* [WORK TASK]
Every line of the listing should be transcribed exactly, with nothing left out.

* [DATA SHOWN]

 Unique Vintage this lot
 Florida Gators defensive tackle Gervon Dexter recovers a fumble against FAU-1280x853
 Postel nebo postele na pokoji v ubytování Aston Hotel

* [SOLUTION BELOW]
 Unique Vintage this lot
 Florida Gators defensive tackle Gervon Dexter recovers a fumble against FAU-1280x853
 Postel nebo postele na pokoji v ubytování Aston Hotel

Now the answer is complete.